A spokesman for Jamie Oliver.

Broiler chickens are birds that have been selectively bred and reared for their meat rather than eggs.

The industry began in the late 1950s. About 75% of the world's food animals are broiler chickens and some 200 billion are produced annually - 800 million of them in the UK.

It reports that the farming takes place in large and usually windowless sheds, often containing tens of thousands of birds which have been bred to grow more quickly: typically a broiler reaches a finished weight of 2.5kg within nine weeks. It's sold in the shops for a price of around £2.50.

The Telegraph reported on Jamie Oliver's programme. They said the chef carried out his demonstration to show how the vast majority of chickens in this country are slaughtered.

'In another scene, he shows a clutch of males chicks who are unsuitable for the egg industry being suffocated in an oxygen-starved chamber.'

However the Times newspaper has sympathised with poultry farmers, saying that the recent protest have hurt the people they were supposed to protect - the farmers.

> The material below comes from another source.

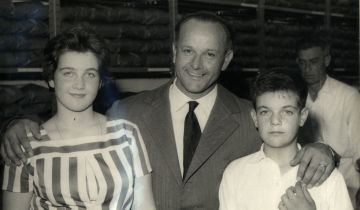 Luciana, Mario e Alceste Collini nel giorno dell'inaugurazione del negozio nel 1959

They said that one of Britain’s leading poultry producers, Charles Bourns, of Wootton-under-Edge, Gloucestershire, quit the business this week, saying supermarkets pay so little that he loses 15p on every bird. He said he was among dozens of poultry farmers to have shut up shop in the past year. He blamed supermarkets for pricing a whole chicken at “less than a service-station cappuccino”.

Sainsbury’s, criticised by Oliver this week, is selling chickens for as little as £3.50 for two. Mr Bourns fears that the chefs are “making a bad situation worse because they affect demand for a product already produced at, or even below, the limit of viability”.

A spokesman for Jamie Oliver said: “Jamie is actually campaigning for British farmers. He says it’s disgraceful they are paid so little.”